Ilona Hartmann: Darf ich mal fragen: Du als „Zler“, wie findest du uns Millennials?
Ich bin auf der einen Seite sehr dankbar, weil ihr vieles leichter gemacht habt. Zum Beispiel über psychische Probleme oder mentale Gesundheit an sich zu reden. Auch für die Entscheidungsfreiheit, die sich auf Liebe und Arbeit bezieht. Aber mir fällt vielleicht ein Aspekt ein, der mich nervt: Spontanitätszwang. Dass es seltsam geworden ist, Dinge zu planen. So etwas ist altmodisch. Wirkt einengend, dabei verringert die Spontanität der Anderen die eigene Freiheit. Und dadurch, dass ich das sage, fühle ich mich ziemlich konservativ.

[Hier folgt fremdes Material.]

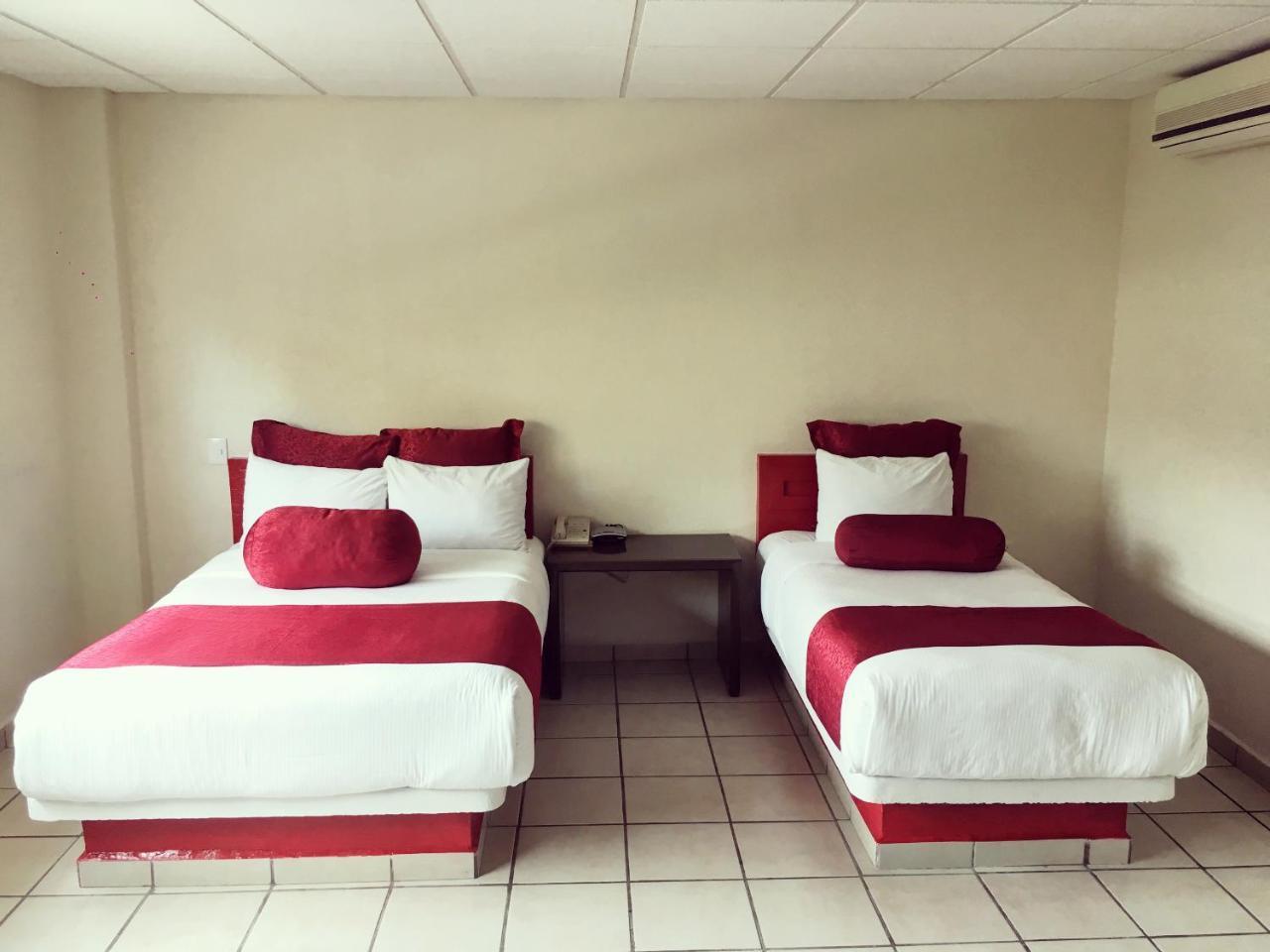 Hotel St. Angel Chilpancingo de los Bravos 외부 사진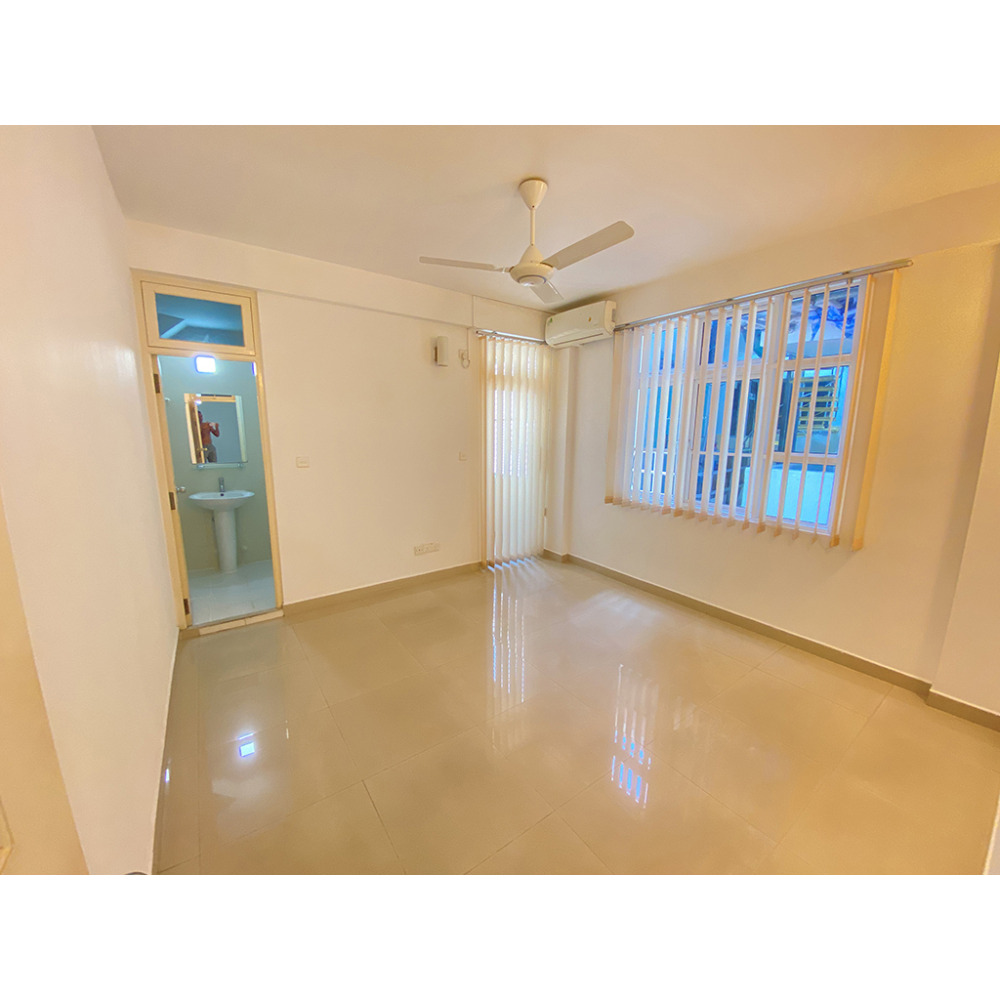 2 bedroom, attached toilets, kitchen, sitting room. Furnished/unfurnished. — Malé — Henveiru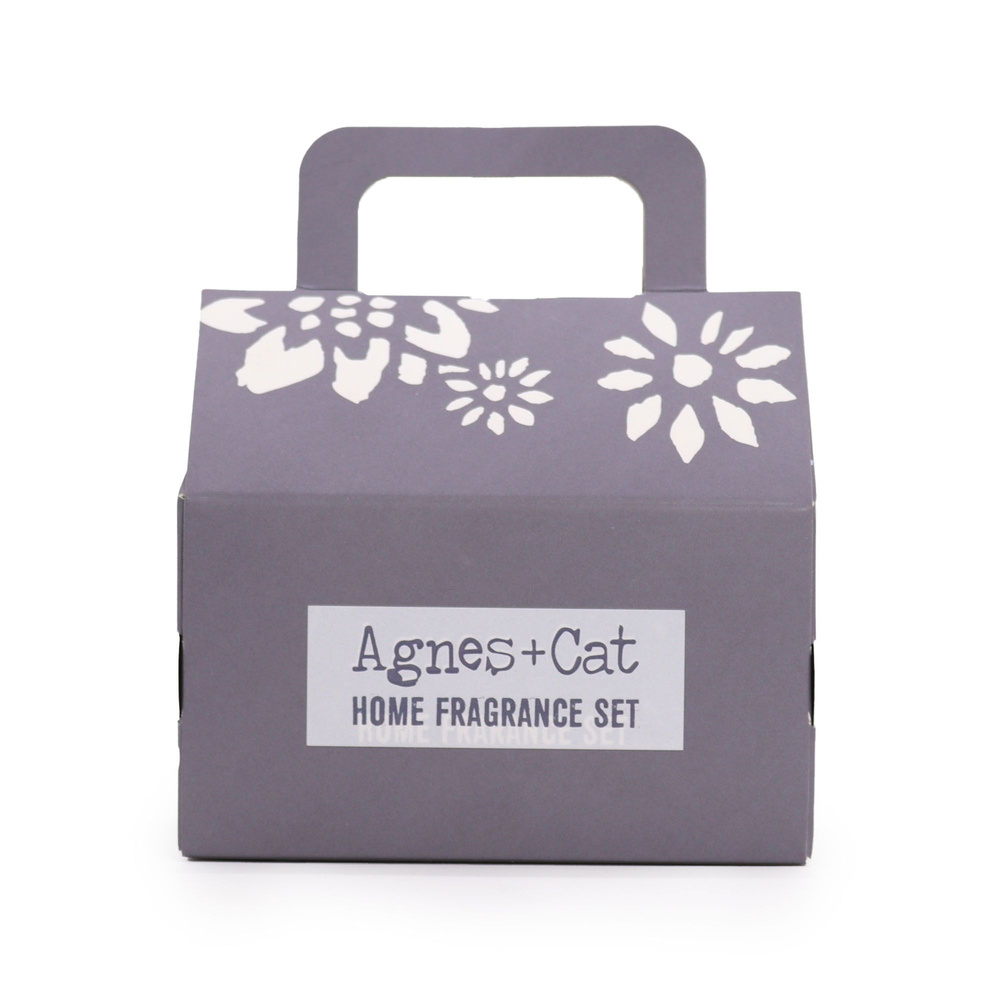 Agnes + Cat Fragrance Gift Set - Windemere
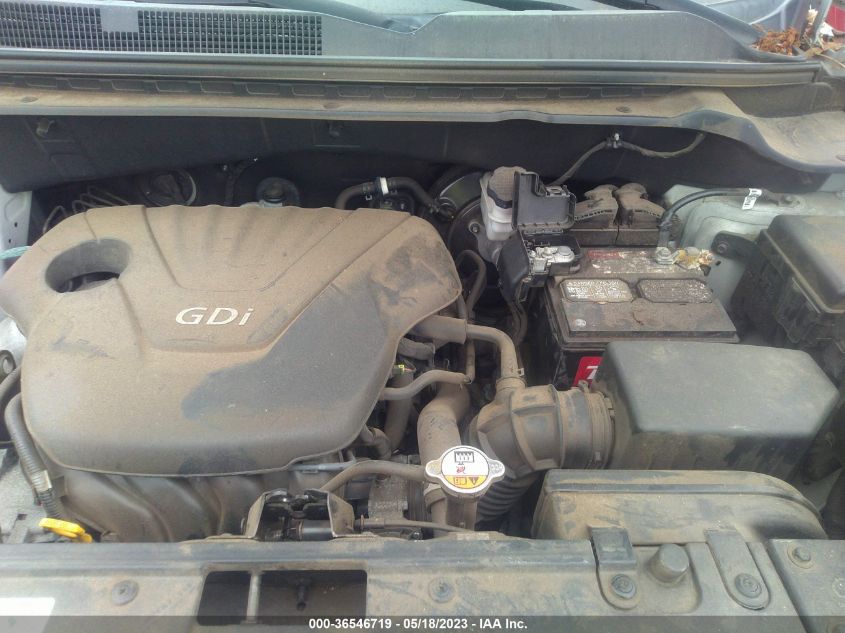 2015 KIA SOUL BASE - KNDJN2A24F7816176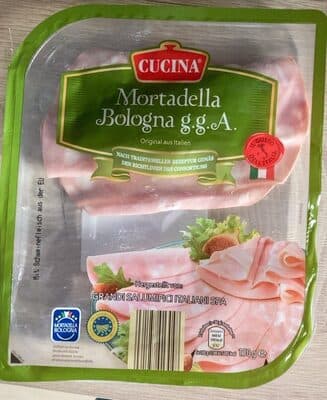 Mortadella Bologna g.g.A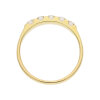 JwelmaLux Ring 750er Gelbgold mit 0,25 ct Brillanten JL30-07-0710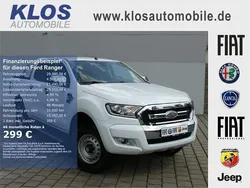 Weiss Gebraucht 2019 Ford Ranger Limited Abholung | 29.990 € (Guter Preis)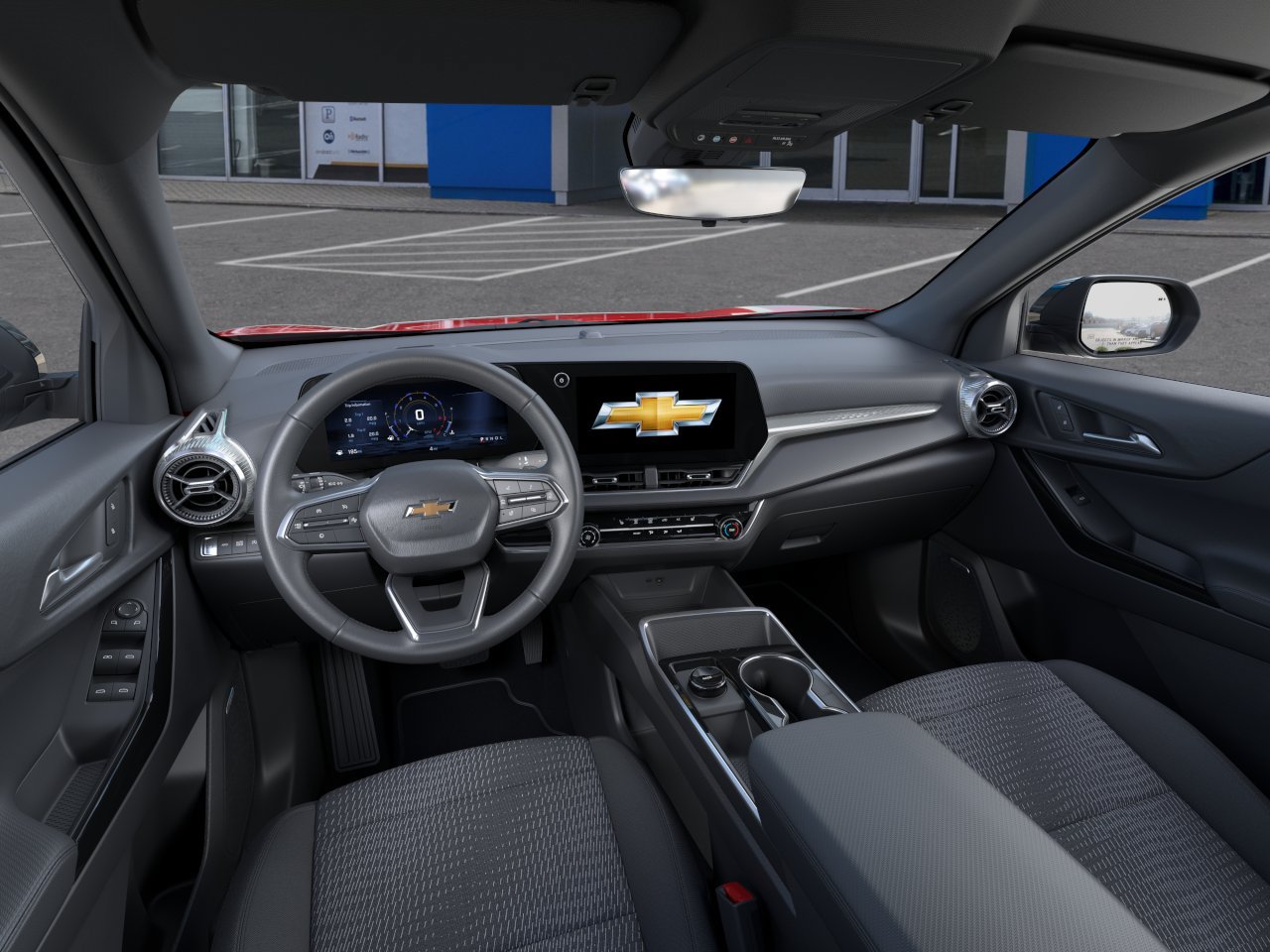 New 2026 Chevrolet Equinox LT w/ Midnight Edition AWD/4WD image 39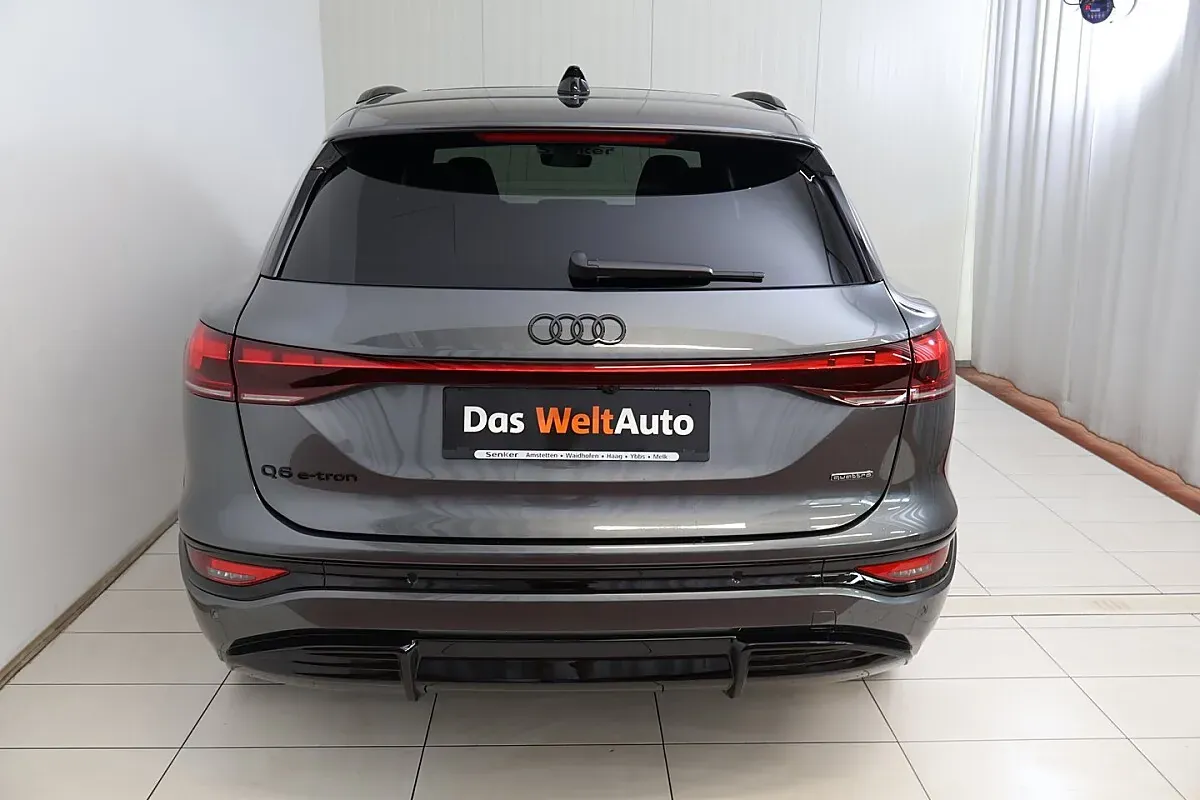 Audi Q6 2026 photo 3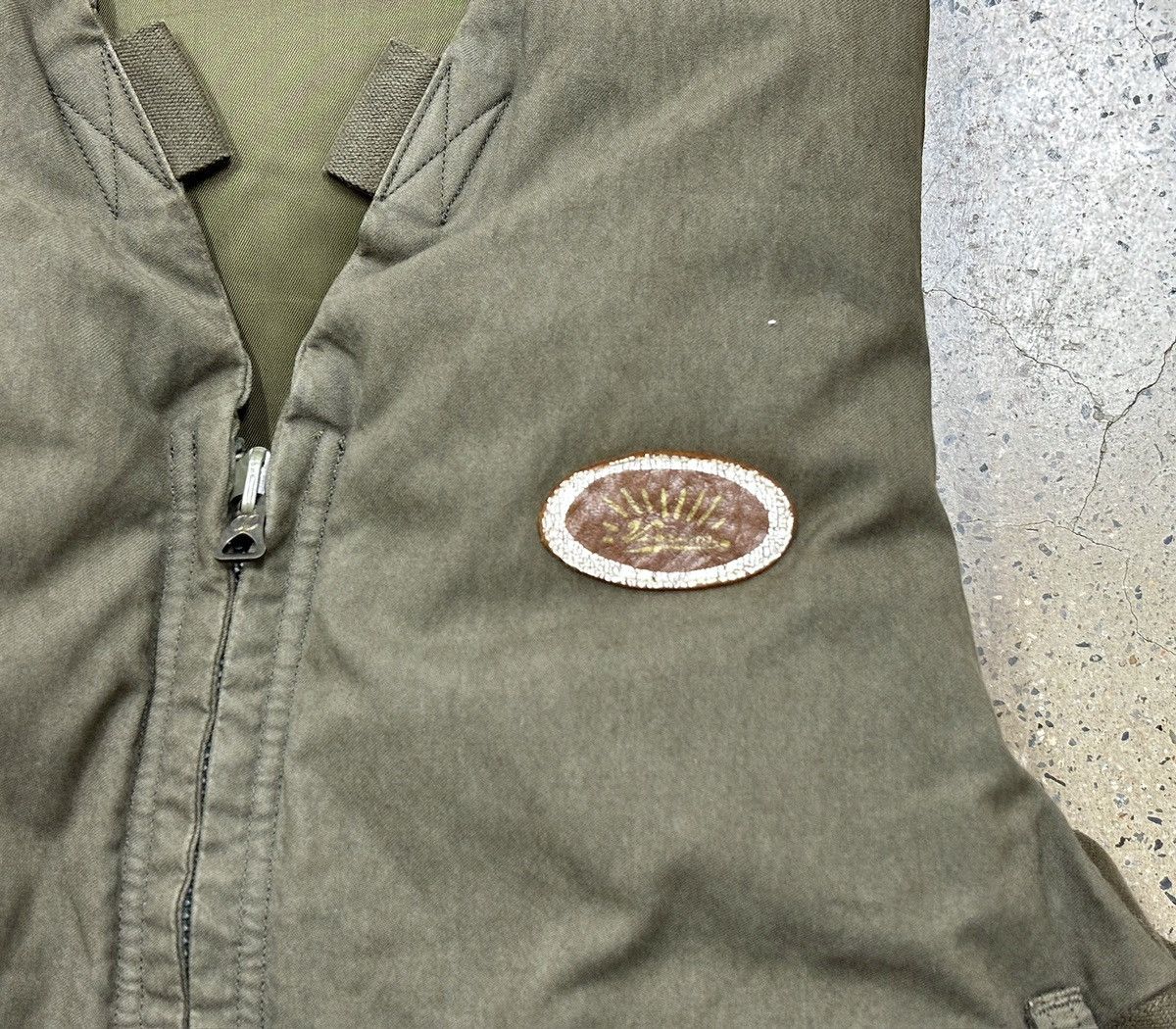Visvim Visvim 20aw Harrier Down Vest，size3 Size US L / EU 52-54 / 3 - 7 Thumbnail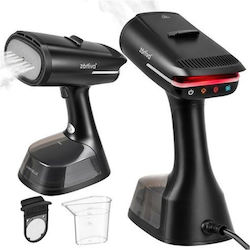 Zortiva Handheld Garment Steamer 1400W with 270ml Tank Grey Zortiva Handheld Garment Steamer 1400W with 270ml Tank Grey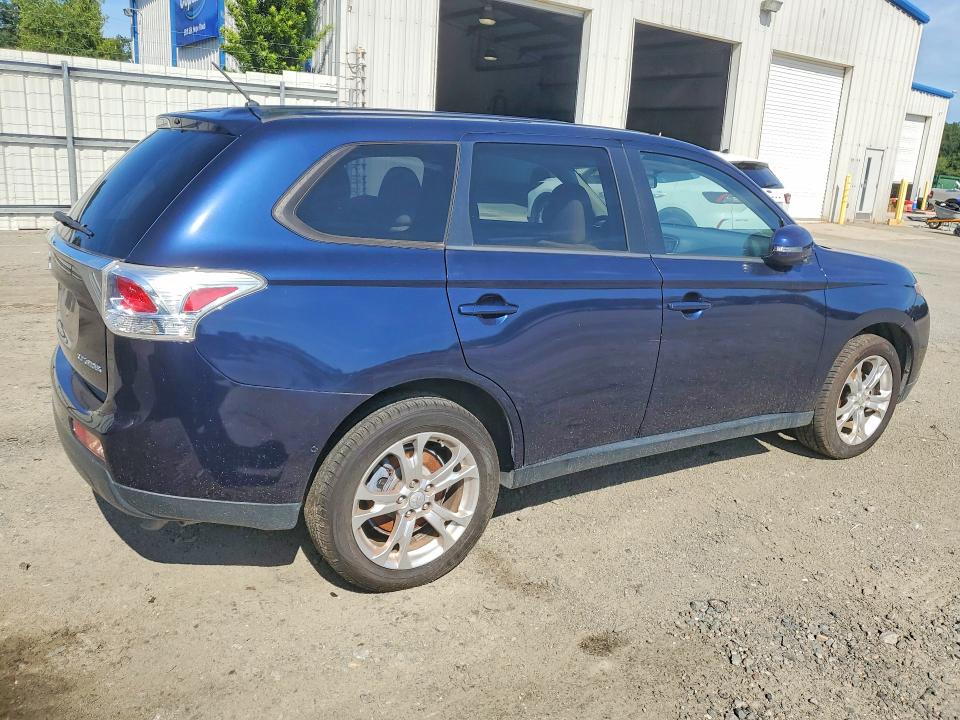 Aukcja sprzedaży 2014 Mitsubishi Outlander, vin: JA4AD3A38EZ004605, numer aukcji: 64695176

Ilona Hartmann: Aber ich glaube, da leiden wir alle drunter. Ich habe mich neulich, wie in den Neunzigern, mit einer Freundin um 16 Uhr an einem konkreten Ort verabredet und wir hatten beide unsere Handys nicht dabei. Wir hätten gar nicht spontan absagen können! Turns out: Ich war da und sie nicht. Sie kam wegen Bahnverspätung vierzig Minuten zu spät und ich bin nach einer halben Stunde Warten wieder los.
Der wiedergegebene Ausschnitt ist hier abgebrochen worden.